Experiencias, percepciones y el eso de siempre, nos llevan a esquematizar una realidad que tomamos por sentado creer conocer. Somo seres al final compenetrados en la paradoja existencial de creer que conocemos porque le inferimos un sentido esencial a las cosas que creemos conocer. Pero qué conocer al final si sólo conocemos una forma de conocimiento.

Y la intencionalidad y todo lo demás, se va al carajo porque no sé qué. Pero es esto, también.

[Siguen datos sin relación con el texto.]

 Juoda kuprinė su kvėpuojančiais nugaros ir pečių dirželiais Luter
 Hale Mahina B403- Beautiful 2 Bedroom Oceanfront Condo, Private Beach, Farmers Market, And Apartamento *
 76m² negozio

Es tanto lo mismo como decirse que se está en un estado de desideologización, en un estado de objetivización como decir no sé. La inseguridad de una pauta previa de una realidad inmediata nos confiere el poder de especificar si al final podemos ser el papa o no. Es tanto  más válido cuanto somos conscientes de la venda de nuestros ojos y que la pata rosada del elefante , es eso, una pata y que en lugar de inferir una serie de abstracciones acerca de su forma nos sentamos en su lomo y empezamos a mandarnos por una serie de aventuras en la India. Y a todo eso, y a resultas cuentas, al regresar, le pregunten al  tipo vendado de ojos -o a nosotros que somos él-, qué fue lo qué conoció de todo para que éste responda -o respondamos con él- que no sabe porque por la venda.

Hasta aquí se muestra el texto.